Интертекстуальная игра с «Гамлетом» («дальше – тишина», «слова, слова, слова») и с «Записками сумасшедшего» и «Шинелью» («Спасите меня! возьмите меня!», «Матушка! пожалей о своем больном дитятке!», «Зачем вы меня обижаете?») позволяет обозначить тему мученичества «маленького человека» и трагического безумия, непонятости и неприкаянности. В игру включен и еще один мотив, ключевой для целей рассказа и всей книги: противопоставление повседневности и героизма, земли и неба, змеи (гада) и сокола, лежащее в основе «Песни о Соколе» М. Горького. Напомним некоторые из хорошо известных строк этого стихотворения:
Рожденный ползать – летать не может!.. Забыв об этом, он пал на камни, но не убился, а рассмеялся…

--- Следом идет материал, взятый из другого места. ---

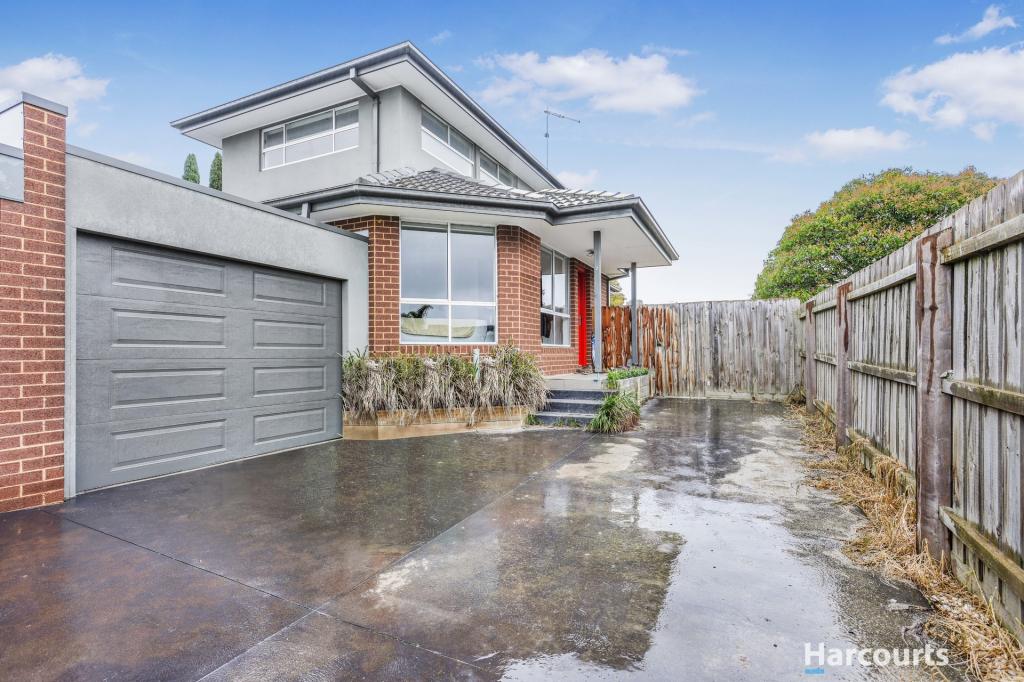 2/95 Ahern Rd, Pakenham, VIC 3810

– Так вот в чем прелесть полетов в небо! Она – в паденье!.. Смешные птицы! Земли не зная, на ней тоскуя, они стремятся высоко в небо и ищут жизни в пустыне знойной. Там только пусто. Там много света, но нет там пищи и нет опоры живому телу. Зачем же гордость? Зачем укоры? Затем, чтоб ею прикрыть безумство своих желаний и скрыть за ними свою негодность для дела жизни? <…>
Безумство храбрых – вот мудрость жизни! О смелый Сокол! В бою с врагами истек ты кровью… Но будет время – и капли крови твоей горячей, как искры, вспыхнут во мраке жизни и много смелых сердец зажгут безумной жаждой свободы, света! [Горький 1969: 46–47].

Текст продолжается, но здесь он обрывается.